En el bar solo quedan el Roro y los eslavos, con los ojos inyectados en sangre y los cigarros colgándoles de los labios. No pronuncian palabra alguna, se dedican a inhalar y exhalar. El marroquí le ruega al Roro que pague y se vaya, que puede hacerle descuento si quiere, pero él lo manda a callar. Ya es tarde y la suerte está echada. El eslavo con el pelo engominado tira su cigarro al suelo y lo aplasta con la suela del zapato. Le pregunta, en francés, si tiene algún problema con ellos. El Roro no responde. El eslavo insiste. Mi problema, explica el Roro, es que ustedes, hijos de puta, me han pasado jodiendo toda la noche y me tienen hasta los huevos. El eslavo se ríe. ¿Y qué vas a hacer?, pregunta. El Roro no responde. El miedo brota desde lo profundo, una última súplica del instinto de conservación que ruega por escapar del destino que se revela frente a él, pero el Roro intenta esconderlo, empujarlo hasta el fondo de sus entrañas, sofocarlo; tiene que defender su honor, el honor de su país. ¿Qué van a pensar estos cerotes, este marroquí, qué van a pensar de los hombres salvadoreños si él, el Roro Villacorta, sale corriendo?
En mi pueblo, empieza, en tono didáctico, el eslavo del pelo engominado, cuando alguien tiene problemas con otra persona, lo resolvemos así, y extrae una navaja de acero reluciente de su cincho, mango de caoba con grabados rupestres que ilustran la lucha a muerte entre un oso y una jauría de lobos. Ahora, soy un hombre justo, continúa, y puedo ver que te falta un arma para defenderte.

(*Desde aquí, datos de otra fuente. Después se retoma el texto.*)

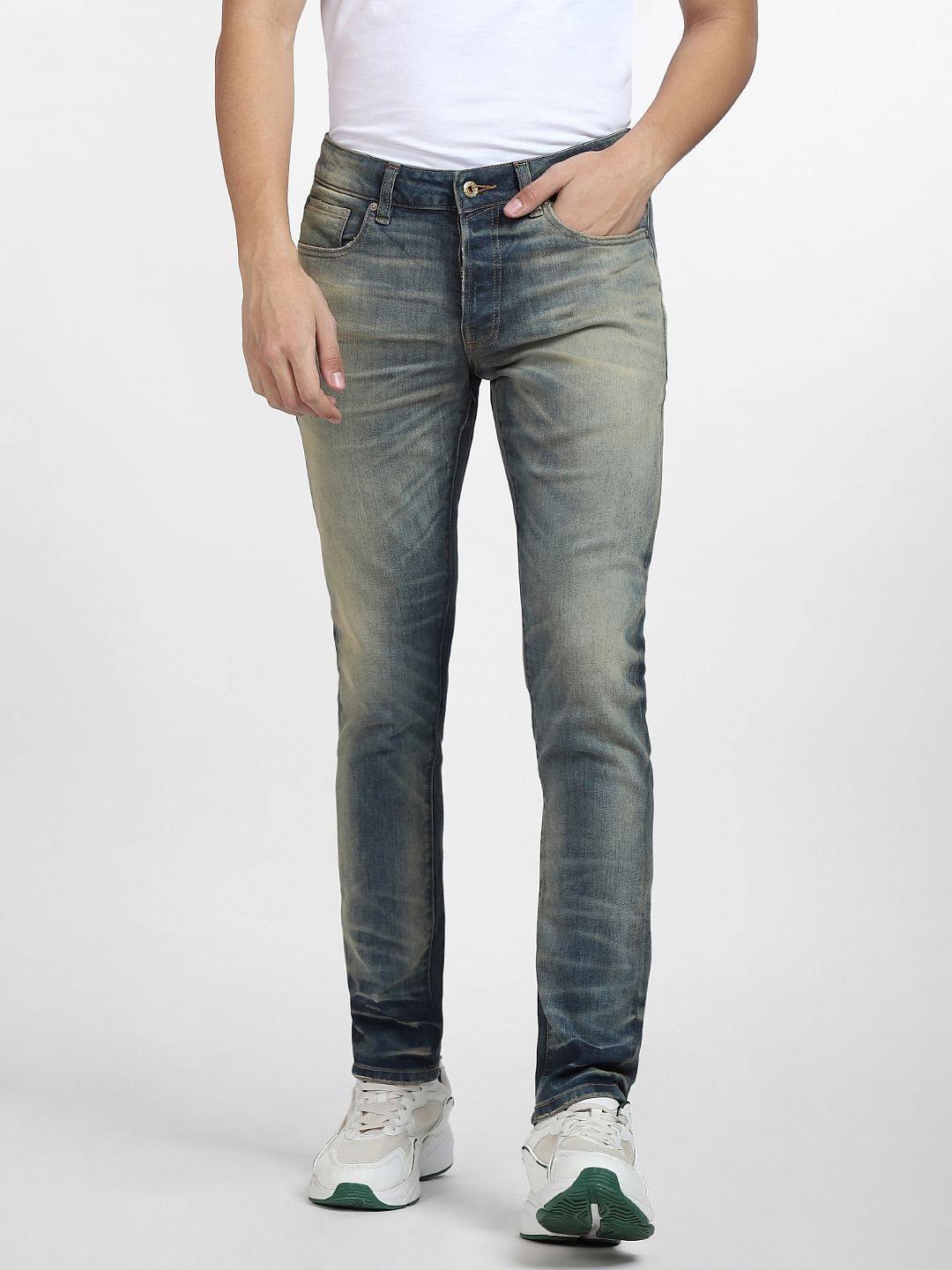 Blue Low Rise Washed Glenn Slim Fit Jeans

El del traje deportivo da un paso adelante y, blandiendo una navaja de resorte, sugiere que él puede, solo por esta vez, hacerle un préstamo a su nuevo amigo, y arroja la navaja a los pies del Roro, que, en silencio, mira la cerveza sobre la barra, mira las mesas lustradas y el humo de cigarro revoloteando entre las luces antes de recoger la navaja. Recuerda el palco, el rancho, la playa y los doces de Pilsener. Cómo ama su país, el Roro. El eslavo del pelo engominado, con un movimiento de cabeza, le indica que salgan porque la hora ha llegado.
El Roro empuña firmemente la navaja, que acaso no sabrá manejar, y sale a la calle.
*Carlos Daniel Fernández (San Salvador, 1995). Ocasionalmente reúne las energías suficientes para escribir un cuento o dos.